Kenyan President Uhuru Kenyatta has approved the 2020 Finance Bill, proposing amendments to multiple statutes including the Income Tax Act, the Value Added Tax Act of 2013, the Excise Duty Act of 2015 and the Tax Procedures Act of 2015.
The most notable aspect of the approval of this new bill is the foundation of the Digital Services Tax. This new bill will see the introduction of a digital tax at 1.5% the gross value of any online transaction.
The tax may put Nairobi on a collision course with Washington where the protectionist Donald Trump administration has opposed taxing revenue generated by tech giants such as Google, Apple, Facebook and Amazon.
That may feature in ongoing talks between the two countries over a new trade deal ahead of the current pact under Agoa framework that expires in less than five years.
Online transactions tax
What this means is that people whose income is from the “provision of services and products” sourced through the digital marketplace will have to pay the tax. What’s more, the digital service tax will be payable at the time of transfer of payment to service providers.
It is expected that businesses working on the digital marketplace as well as e-commerce companies in Kenya will all be eligible to pay the tax. Further, the law states that in the case of Kenyans or non-residents with permanent establishments in the state, the tax will be available for offset against their income liability for the same year.
According to the act, a “digital marketplace” is defined as “a platform that enables the direct interaction between buyers and sellers of goods and services through electronic means”.
In terms of draft of the bill, the scope of taxable entities includes:
- Mobile applications, e-books, and movies
- E-learning, including the supply of online courses and training
- Supply of digital content for listening, viewing or playing on any audio, visual, or digital media
- Supply of search-engine and automated helpdesk services
- Software, drivers, website filters and firewalls
- Website hosting, online data warehousing, file-sharing and cloud storage services
When the bill was proposed, even loss-making entities were to be tasked to remit tax based on their sales and all companies would also be liable to a minimum gross sales tax of 1%. The new law comes into effect from January 2021.

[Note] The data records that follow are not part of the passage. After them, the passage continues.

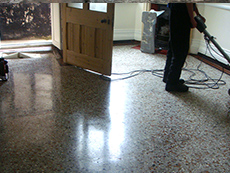 Marble Pro Care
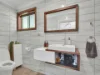 38 Byrne Close, Young, NSW 2594-Image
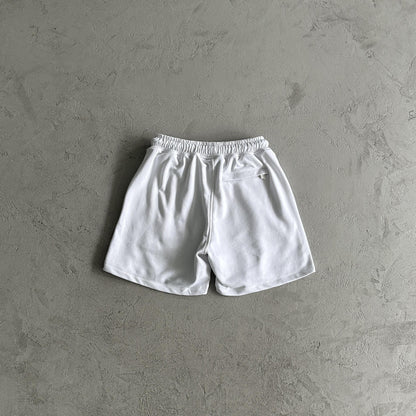 Tuta corta Synaworld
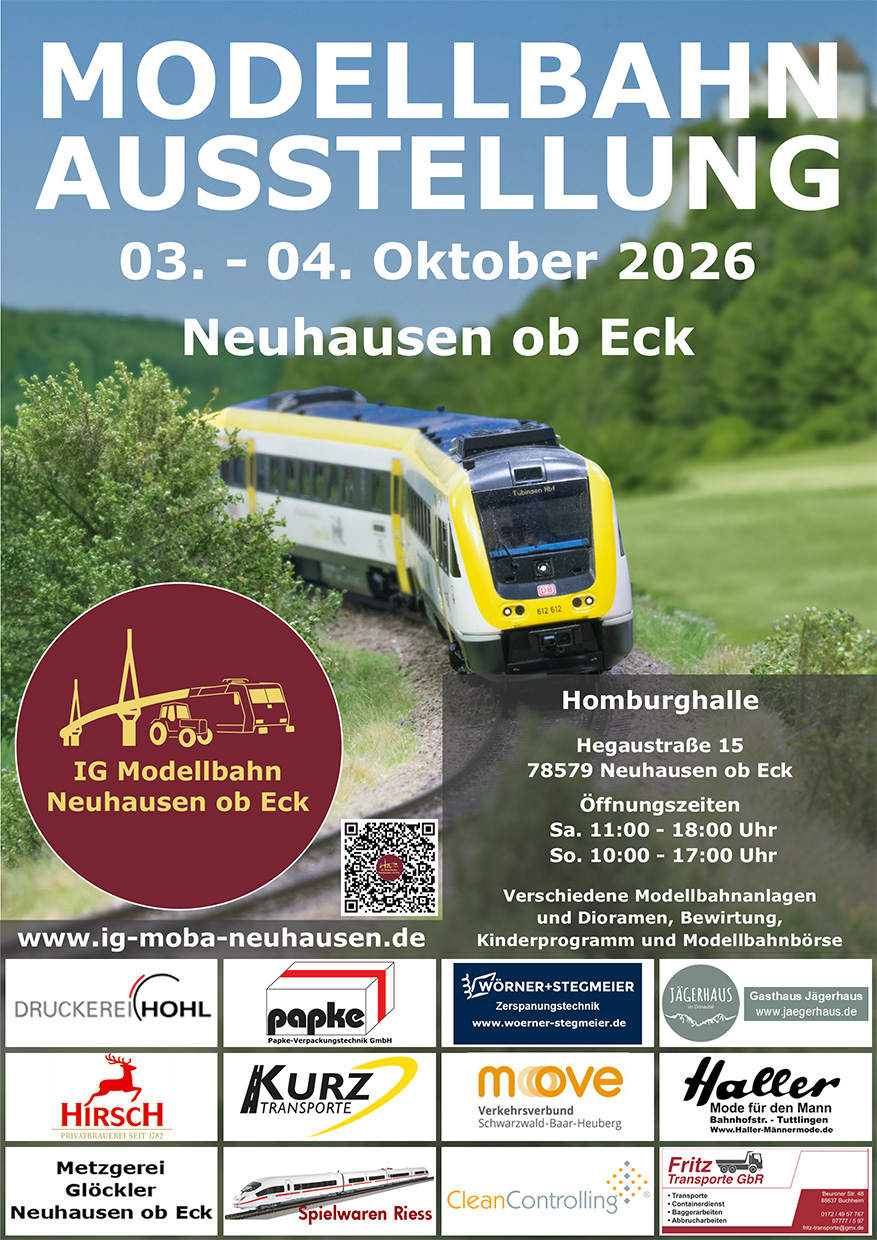 Plakat 2026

Online businesses do not necessarily have physical addresses or legal structures in the jurisdictions they operate, making it easy to escape the taxman’s noose as well as counties which issue business permits.
“While the intention of the provision appears to bring into the Kenya tax net non-residents that operate digital marketplaces, the provision is restricted to apps that ‘derive and accrue’ such income from Kenya,” consultants at audit and consultancy PricewaterhouseCoopers (PwC) wrote in a note on the Bill.
The EU Commission proposes to tax the profits of firms via direct tax.
This approach taxes the gross income rather than the net income of the company. Under this option, companies with low-profit margins or losses would be affected if the gross income would be chosen for the tax base. During the G20 Summit last year, taxation of the digital economy including tech giants featured as a top agenda. These firms operate in virtual space rendering it cumbersome to bring them under the local tax radar.
The US has also been against this tax and it is likely that implementation of the tax could prompt a trade war with countries that may view it as targeting their corporates.